(Crawled caption data)
▬▬▬

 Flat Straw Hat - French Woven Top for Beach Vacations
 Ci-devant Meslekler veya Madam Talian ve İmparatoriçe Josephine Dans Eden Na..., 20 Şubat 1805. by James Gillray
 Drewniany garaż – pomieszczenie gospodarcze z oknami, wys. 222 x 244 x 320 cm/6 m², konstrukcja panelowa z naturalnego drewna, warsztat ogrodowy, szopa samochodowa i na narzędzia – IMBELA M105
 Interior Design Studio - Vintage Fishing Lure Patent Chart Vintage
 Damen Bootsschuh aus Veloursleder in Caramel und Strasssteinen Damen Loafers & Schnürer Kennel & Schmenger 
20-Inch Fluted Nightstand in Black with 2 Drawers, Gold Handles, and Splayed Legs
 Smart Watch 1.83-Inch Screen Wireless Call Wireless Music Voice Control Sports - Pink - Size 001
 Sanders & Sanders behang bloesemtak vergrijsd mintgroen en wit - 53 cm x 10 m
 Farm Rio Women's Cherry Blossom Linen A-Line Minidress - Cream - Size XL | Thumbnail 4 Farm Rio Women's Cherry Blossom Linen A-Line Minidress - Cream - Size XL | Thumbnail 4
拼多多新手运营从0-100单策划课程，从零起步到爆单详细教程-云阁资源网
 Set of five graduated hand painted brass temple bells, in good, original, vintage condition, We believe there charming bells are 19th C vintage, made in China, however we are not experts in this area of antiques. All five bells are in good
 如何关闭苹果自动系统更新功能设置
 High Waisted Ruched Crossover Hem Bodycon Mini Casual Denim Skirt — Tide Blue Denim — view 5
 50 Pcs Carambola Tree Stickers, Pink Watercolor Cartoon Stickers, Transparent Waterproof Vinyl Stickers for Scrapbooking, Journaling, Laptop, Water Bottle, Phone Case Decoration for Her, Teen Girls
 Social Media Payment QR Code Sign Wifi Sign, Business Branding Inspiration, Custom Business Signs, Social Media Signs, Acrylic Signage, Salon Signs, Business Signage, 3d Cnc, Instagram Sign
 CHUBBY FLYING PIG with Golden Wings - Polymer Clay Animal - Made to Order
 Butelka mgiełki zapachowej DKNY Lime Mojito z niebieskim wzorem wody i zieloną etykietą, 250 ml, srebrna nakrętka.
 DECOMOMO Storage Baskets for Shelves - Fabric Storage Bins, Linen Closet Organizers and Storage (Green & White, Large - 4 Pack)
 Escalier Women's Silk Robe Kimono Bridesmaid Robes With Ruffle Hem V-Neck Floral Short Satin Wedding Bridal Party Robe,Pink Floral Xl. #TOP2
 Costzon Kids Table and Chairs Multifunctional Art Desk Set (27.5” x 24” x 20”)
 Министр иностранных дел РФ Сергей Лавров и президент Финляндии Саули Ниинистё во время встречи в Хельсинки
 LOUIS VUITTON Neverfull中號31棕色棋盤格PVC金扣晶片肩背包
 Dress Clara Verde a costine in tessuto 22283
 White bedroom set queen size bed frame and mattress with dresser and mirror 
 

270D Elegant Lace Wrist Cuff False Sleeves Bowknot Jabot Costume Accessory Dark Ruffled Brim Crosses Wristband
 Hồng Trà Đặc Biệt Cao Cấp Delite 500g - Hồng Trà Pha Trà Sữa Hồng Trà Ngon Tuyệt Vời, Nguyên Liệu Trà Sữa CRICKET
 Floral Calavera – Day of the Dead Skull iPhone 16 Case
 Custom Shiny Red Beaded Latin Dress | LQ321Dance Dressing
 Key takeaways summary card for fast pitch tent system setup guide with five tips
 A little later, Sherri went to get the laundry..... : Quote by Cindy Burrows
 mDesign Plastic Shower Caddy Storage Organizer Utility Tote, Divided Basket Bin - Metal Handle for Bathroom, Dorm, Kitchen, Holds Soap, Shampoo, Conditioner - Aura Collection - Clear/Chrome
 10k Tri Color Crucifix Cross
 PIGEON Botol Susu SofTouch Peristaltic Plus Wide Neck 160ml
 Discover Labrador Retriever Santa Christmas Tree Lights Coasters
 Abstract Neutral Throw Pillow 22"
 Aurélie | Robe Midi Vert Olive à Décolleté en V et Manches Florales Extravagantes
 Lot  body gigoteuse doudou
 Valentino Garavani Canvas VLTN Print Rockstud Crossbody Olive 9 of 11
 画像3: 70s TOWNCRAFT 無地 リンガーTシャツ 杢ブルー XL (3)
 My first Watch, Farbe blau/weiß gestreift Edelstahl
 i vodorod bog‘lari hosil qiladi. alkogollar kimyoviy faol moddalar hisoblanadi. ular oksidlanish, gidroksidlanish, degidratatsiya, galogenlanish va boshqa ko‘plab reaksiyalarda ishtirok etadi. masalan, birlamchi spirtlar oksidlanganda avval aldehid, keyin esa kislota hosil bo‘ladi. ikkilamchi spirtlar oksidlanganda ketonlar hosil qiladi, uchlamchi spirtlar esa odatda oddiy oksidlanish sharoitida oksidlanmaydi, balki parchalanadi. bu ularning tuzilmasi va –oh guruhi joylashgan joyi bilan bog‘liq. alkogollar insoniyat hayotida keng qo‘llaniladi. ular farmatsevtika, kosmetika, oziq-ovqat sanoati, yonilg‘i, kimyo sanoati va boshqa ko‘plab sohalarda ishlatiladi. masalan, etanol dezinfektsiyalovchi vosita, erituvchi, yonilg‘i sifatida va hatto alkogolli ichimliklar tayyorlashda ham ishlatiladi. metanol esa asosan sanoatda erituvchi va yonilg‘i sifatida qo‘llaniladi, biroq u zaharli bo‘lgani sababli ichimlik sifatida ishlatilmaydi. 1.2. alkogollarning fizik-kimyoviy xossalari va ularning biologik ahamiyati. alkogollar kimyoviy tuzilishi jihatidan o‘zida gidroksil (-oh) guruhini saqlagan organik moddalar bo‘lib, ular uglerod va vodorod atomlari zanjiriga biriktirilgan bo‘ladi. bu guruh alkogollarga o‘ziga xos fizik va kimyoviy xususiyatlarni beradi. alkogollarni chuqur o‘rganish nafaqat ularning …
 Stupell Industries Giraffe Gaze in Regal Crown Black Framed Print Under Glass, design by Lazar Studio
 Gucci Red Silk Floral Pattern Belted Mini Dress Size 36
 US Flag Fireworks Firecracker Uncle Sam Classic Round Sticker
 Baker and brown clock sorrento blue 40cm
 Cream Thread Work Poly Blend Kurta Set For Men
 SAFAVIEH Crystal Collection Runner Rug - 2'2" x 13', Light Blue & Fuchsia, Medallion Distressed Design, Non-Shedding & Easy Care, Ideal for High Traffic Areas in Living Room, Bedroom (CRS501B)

▬▬▬

EXERCISE:
All of the entries above, written out exactly, make up the reply.

SOLUTION BELOW:
 Flat Straw Hat - French Woven Top for Beach Vacations
 Ci-devant Meslekler veya Madam Talian ve İmparatoriçe Josephine Dans Eden Na..., 20 Şubat 1805. by James Gillray
 Drewniany garaż – pomieszczenie gospodarcze z oknami, wys. 222 x 244 x 320 cm/6 m², konstrukcja panelowa z naturalnego drewna, warsztat ogrodowy, szopa samochodowa i na narzędzia – IMBELA M105
 Interior Design Studio - Vintage Fishing Lure Patent Chart Vintage
 Damen Bootsschuh aus Veloursleder in Caramel und Strasssteinen Damen Loafers & Schnürer Kennel & Schmenger 
20-Inch Fluted Nightstand in Black with 2 Drawers, Gold Handles, and Splayed Legs
 Smart Watch 1.83-Inch Screen Wireless Call Wireless Music Voice Control Sports - Pink - Size 001
 Sanders & Sanders behang bloesemtak vergrijsd mintgroen en wit - 53 cm x 10 m
 Farm Rio Women's Cherry Blossom Linen A-Line Minidress - Cream - Size XL | Thumbnail 4 Farm Rio Women's Cherry Blossom Linen A-Line Minidress - Cream - Size XL | Thumbnail 4
拼多多新手运营从0-100单策划课程，从零起步到爆单详细教程-云阁资源网
 Set of five graduated hand painted brass temple bells, in good, original, vintage condition, We believe there charming bells are 19th C vintage, made in China, however we are not experts in this area of antiques. All five bells are in good
 如何关闭苹果自动系统更新功能设置
 High Waisted Ruched Crossover Hem Bodycon Mini Casual Denim Skirt — Tide Blue Denim — view 5
 50 Pcs Carambola Tree Stickers, Pink Watercolor Cartoon Stickers, Transparent Waterproof Vinyl Stickers for Scrapbooking, Journaling, Laptop, Water Bottle, Phone Case Decoration for Her, Teen Girls
 Social Media Payment QR Code Sign Wifi Sign, Business Branding Inspiration, Custom Business Signs, Social Media Signs, Acrylic Signage, Salon Signs, Business Signage, 3d Cnc, Instagram Sign
 CHUBBY FLYING PIG with Golden Wings - Polymer Clay Animal - Made to Order
 Butelka mgiełki zapachowej DKNY Lime Mojito z niebieskim wzorem wody i zieloną etykietą, 250 ml, srebrna nakrętka.
 DECOMOMO Storage Baskets for Shelves - Fabric Storage Bins, Linen Closet Organizers and Storage (Green & White, Large - 4 Pack)
 Escalier Women's Silk Robe Kimono Bridesmaid Robes With Ruffle Hem V-Neck Floral Short Satin Wedding Bridal Party Robe,Pink Floral Xl. #TOP2
 Costzon Kids Table and Chairs Multifunctional Art Desk Set (27.5” x 24” x 20”)
 Министр иностранных дел РФ Сергей Лавров и президент Финляндии Саули Ниинистё во время встречи в Хельсинки
 LOUIS VUITTON Neverfull中號31棕色棋盤格PVC金扣晶片肩背包
 Dress Clara Verde a costine in tessuto 22283
 White bedroom set queen size bed frame and mattress with dresser and mirror 
 

270D Elegant Lace Wrist Cuff False Sleeves Bowknot Jabot Costume Accessory Dark Ruffled Brim Crosses Wristband
 Hồng Trà Đặc Biệt Cao Cấp Delite 500g - Hồng Trà Pha Trà Sữa Hồng Trà Ngon Tuyệt Vời, Nguyên Liệu Trà Sữa CRICKET
 Floral Calavera – Day of the Dead Skull iPhone 16 Case
 Custom Shiny Red Beaded Latin Dress | LQ321Dance Dressing
 Key takeaways summary card for fast pitch tent system setup guide with five tips
 A little later, Sherri went to get the laundry..... : Quote by Cindy Burrows
 mDesign Plastic Shower Caddy Storage Organizer Utility Tote, Divided Basket Bin - Metal Handle for Bathroom, Dorm, Kitchen, Holds Soap, Shampoo, Conditioner - Aura Collection - Clear/Chrome
 10k Tri Color Crucifix Cross
 PIGEON Botol Susu SofTouch Peristaltic Plus Wide Neck 160ml
 Discover Labrador Retriever Santa Christmas Tree Lights Coasters
 Abstract Neutral Throw Pillow 22"
 Aurélie | Robe Midi Vert Olive à Décolleté en V et Manches Florales Extravagantes
 Lot  body gigoteuse doudou
 Valentino Garavani Canvas VLTN Print Rockstud Crossbody Olive 9 of 11
 画像3: 70s TOWNCRAFT 無地 リンガーTシャツ 杢ブルー XL (3)
 My first Watch, Farbe blau/weiß gestreift Edelstahl
 i vodorod bog‘lari hosil qiladi. alkogollar kimyoviy faol moddalar hisoblanadi. ular oksidlanish, gidroksidlanish, degidratatsiya, galogenlanish va boshqa ko‘plab reaksiyalarda ishtirok etadi. masalan, birlamchi spirtlar oksidlanganda avval aldehid, keyin esa kislota hosil bo‘ladi. ikkilamchi spirtlar oksidlanganda ketonlar hosil qiladi, uchlamchi spirtlar esa odatda oddiy oksidlanish sharoitida oksidlanmaydi, balki parchalanadi. bu ularning tuzilmasi va –oh guruhi joylashgan joyi bilan bog‘liq. alkogollar insoniyat hayotida keng qo‘llaniladi. ular farmatsevtika, kosmetika, oziq-ovqat sanoati, yonilg‘i, kimyo sanoati va boshqa ko‘plab sohalarda ishlatiladi. masalan, etanol dezinfektsiyalovchi vosita, erituvchi, yonilg‘i sifatida va hatto alkogolli ichimliklar tayyorlashda ham ishlatiladi. metanol esa asosan sanoatda erituvchi va yonilg‘i sifatida qo‘llaniladi, biroq u zaharli bo‘lgani sababli ichimlik sifatida ishlatilmaydi. 1.2. alkogollarning fizik-kimyoviy xossalari va ularning biologik ahamiyati. alkogollar kimyoviy tuzilishi jihatidan o‘zida gidroksil (-oh) guruhini saqlagan organik moddalar bo‘lib, ular uglerod va vodorod atomlari zanjiriga biriktirilgan bo‘ladi. bu guruh alkogollarga o‘ziga xos fizik va kimyoviy xususiyatlarni beradi. alkogollarni chuqur o‘rganish nafaqat ularning …
 Stupell Industries Giraffe Gaze in Regal Crown Black Framed Print Under Glass, design by Lazar Studio
 Gucci Red Silk Floral Pattern Belted Mini Dress Size 36
 US Flag Fireworks Firecracker Uncle Sam Classic Round Sticker
 Baker and brown clock sorrento blue 40cm
 Cream Thread Work Poly Blend Kurta Set For Men
 SAFAVIEH Crystal Collection Runner Rug - 2'2" x 13', Light Blue & Fuchsia, Medallion Distressed Design, Non-Shedding & Easy Care, Ideal for High Traffic Areas in Living Room, Bedroom (CRS501B)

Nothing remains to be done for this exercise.